Learning Agile Locomotion on Risky Terrains (2311.10484v2)

Published 17 Nov 2023 in cs.RO

Abstract: Quadruped robots have shown remarkable mobility on various terrains through reinforcement learning. Yet, in the presence of sparse footholds and risky terrains such as stepping stones and balance beams, which require precise foot placement to avoid falls, model-based approaches are often used. In this paper, we show that end-to-end reinforcement learning can also enable the robot to traverse risky terrains with dynamic motions. To this end, our approach involves training a generalist policy for agile locomotion on disorderly and sparse stepping stones before transferring its reusable knowledge to various more challenging terrains by finetuning specialist policies from it. Given that the robot needs to rapidly adapt its velocity on these terrains, we formulate the task as a navigation task instead of the commonly used velocity tracking which constrains the robot's behavior and propose an exploration strategy to overcome sparse rewards and achieve high robustness. We validate our proposed method through simulation and real-world experiments on an ANYmal-D robot achieving peak forward velocity of >= 2.5 m/s on sparse stepping stones and narrow balance beams. Video: youtu.be/Z5X0J8OH6z4

PDF Abstract

Learning Agile Locomotion on Risky Terrains: An Expert Overview

The paper "Learning Agile Locomotion on Risky Terrains" by Zhang et al. presents a novel approach for training quadrupedal robots to navigate highly challenging terrains through end-to-end reinforcement learning (RL). While prior research has predominantly relied on model-based methods for such tasks, the authors propose that an RL-based framework, coupled with intelligent policy training, can yield comparable if not superior locomotion agility in environments previously deemed exceptionally risky due to sparse footholds and the necessity for precise foot placement.
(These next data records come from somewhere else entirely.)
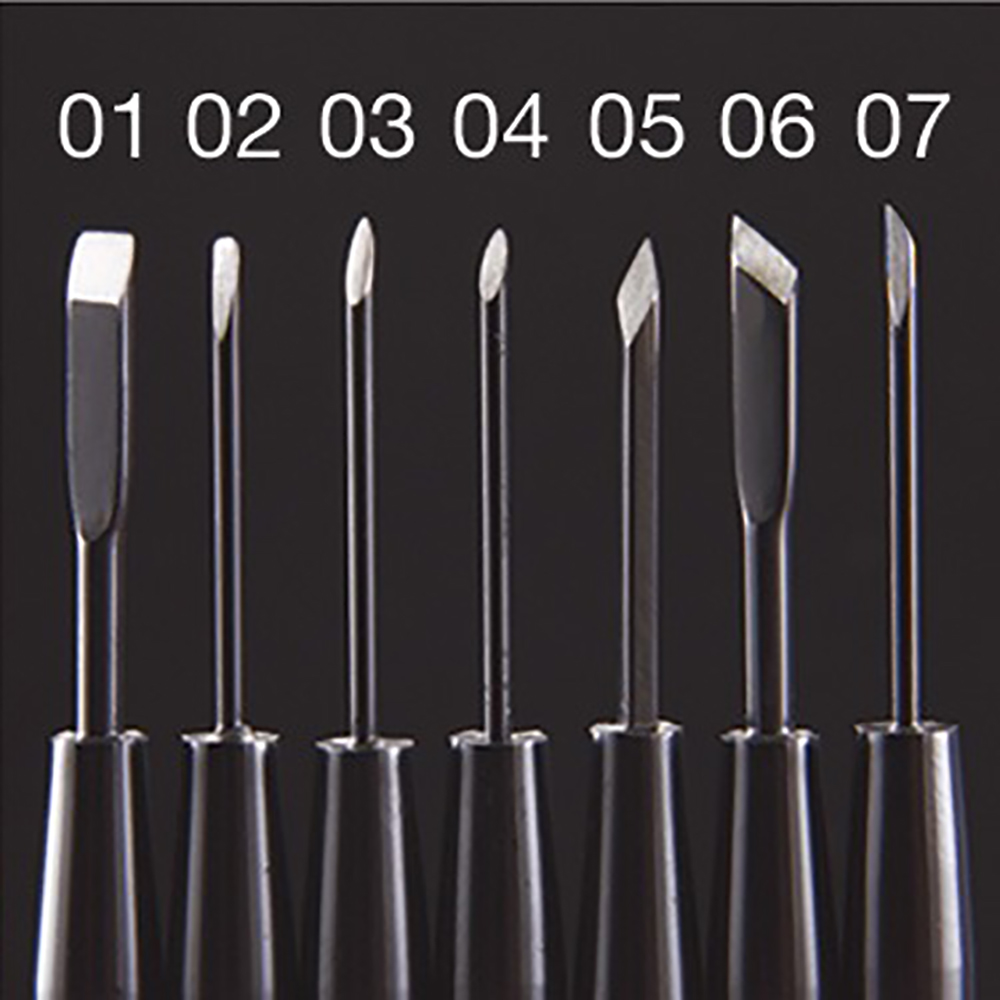 EIGER TOOL 7 Pcs Precision Mic – Jewelry Making Japan recenzja i cena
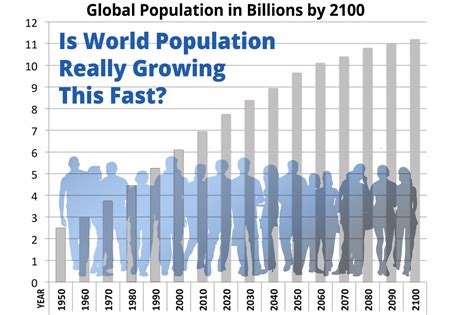 Chart Of Population Growth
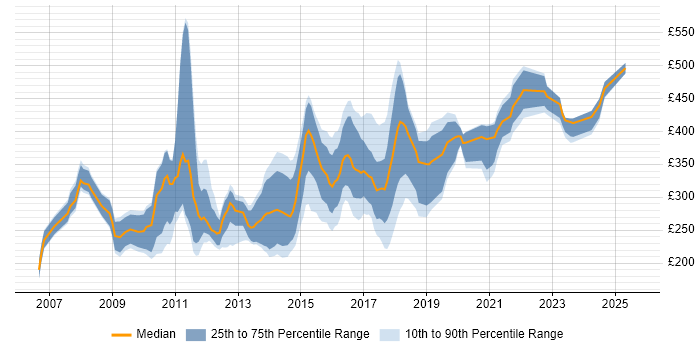 Contractor daily rate distribution trend for jobs in the East Midlands citing CMS
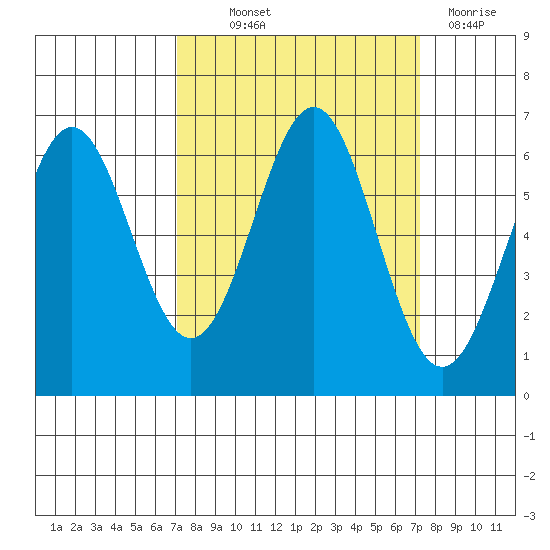 Port Orford tide chart for Thursday, September 23, 2021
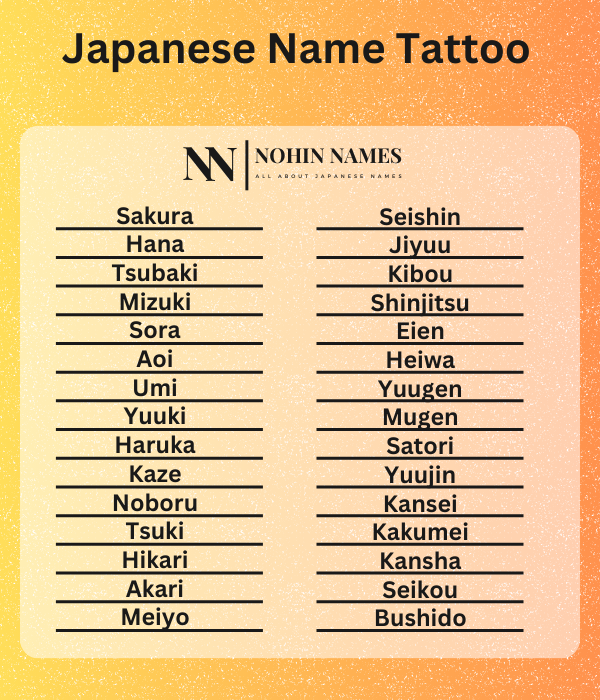 Japanese Name Tattoo
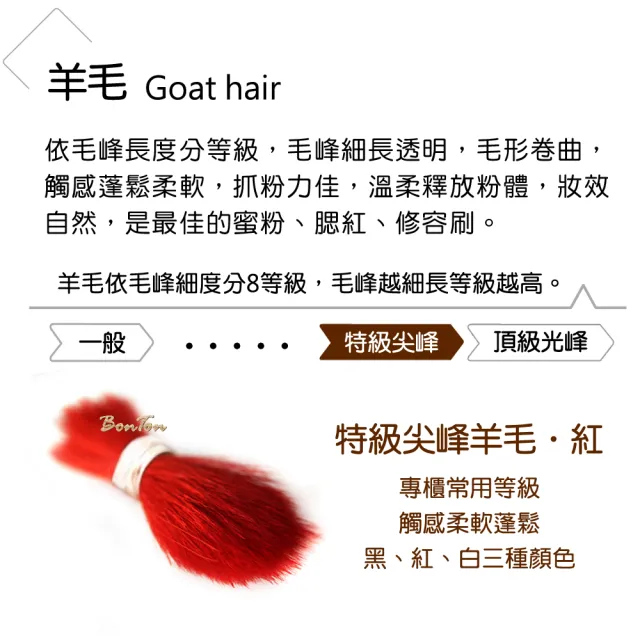 【BonTon】湛紅短柄 斜修容/腮紅刷 WTK02 特級尖峰紅羊毛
There are several key aspects of this work that demand attention. First, the authors employ a strategy that involves the training of a generalist policy intended to navigate disorderly stepping stones with agility. This generalist policy enables the transfer of acquired sensorimotor skills to specialized policies, which are then fine-tuned on more intricate terrains. Such an approach not only demonstrates computational efficiency by leveraging pre-trained models but also ensures versatility across distinct terrains.

One of the innovative contributions of this work lies in formulating the locomotion problem as a navigation task instead of using traditional velocity tracking formulations. This re-framing plays a pivotal role in facilitating the robot's adaptive behaviors, allowing it to rapidly modulate its speed based on the terrain. The authors enhance exploration efficiency and policy robustness through a carefully designed exploration strategy that incorporates improved curriculum learning, intrinsic curiosity-based rewards, and symmetry-based data augmentation, leveraging the inherent symmetry in quadruped design.

The results of this approach are substantial. The authors validate their methodology using the ANYmal-D robot, showcasing remarkable locomotion capabilities in both simulated and real-world environments. The robot accomplishes peak forward velocities ≥ 2.5 m/s on stepping stones and narrow beams, an achievement that underscores the potential of RL frameworks in creating robust and agile robotic locomotion systems. Additionally, experimental setup results highlight the successful sim-to-real transfer of the policies, which is a decisive factor for the practical deployment of such systems.

The implications of this research extend beyond immediate applications in robotic navigation on complex terrains. By demonstrating the success of an RL-based methodology combined with strategic model training and data efficiency techniques, this paper contributes to shifting perspectives about the potential of model-free approaches in robotics, particularly in scenarios where model-based controllers have traditionally been the norm.

In terms of future developments, the authors speculate on integrating onboard perceptive systems to automate terrain mapping, which would further enhance the autonomy of such robotic systems. They also recognize the potential for expanding the training framework to accommodate a broader range of terrains, ultimately aiming for the development of a unified policy that excels without terrain-specific fine-tuning. Moreover, they touch on the continuing challenge of improving the interpretability and robustness of neural network policies to better understand and mitigate unforeseen failure modes—a crucial step for wider adoption in safety-critical applications.

Overall, this paper represents an important step in advancing the capabilities of quadrupedal robots to navigate challenging real-world terrains using RL, setting a foundation for future research in achieving both agility and robustness through intelligent learning paradigms.